JP6711977B2 - Method for decomposing fluorine atom-containing polymer and apparatus for decomposing fluorine atom-containing polymer - Google Patents

Description

The present invention relates to a method for decomposing a fluorine atom-containing polymer and an apparatus for decomposing a fluorine atom-containing polymer.

Polymers containing a fluorine atom have been evaluated for their properties such as chemical stability and high durability against heat, and have been applied to various fields such as physicochemical medical devices and various daily necessities.

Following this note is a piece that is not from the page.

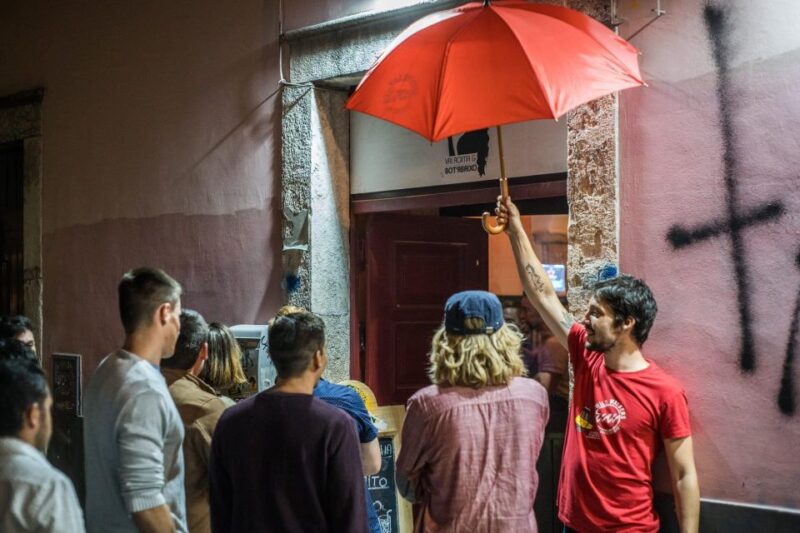 Lisbon: Pub Crawl With Open Bar and VIP Club Entry - Age and Dress Requirements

On the other hand, these polymers tend to have a problem of waste disposal as an inside out of such chemical stability and high resistance to heat. In other words, if these polymers are to be incinerated, not only high-temperature treatment is required for their decomposition due to the presence of the strongest carbon-fluorine bond among covalent bonds, but also hydrogen fluoride generated by incineration. This will cause deterioration of the incinerator material due to the gas. For this reason, landfilling is required to dispose of these polymers, but this is also a problem in the current situation where the final disposal site for waste is tight. Therefore, there is a need for a new waste treatment method for fluorine atom-containing polymers that is neither incinerated nor landfilled.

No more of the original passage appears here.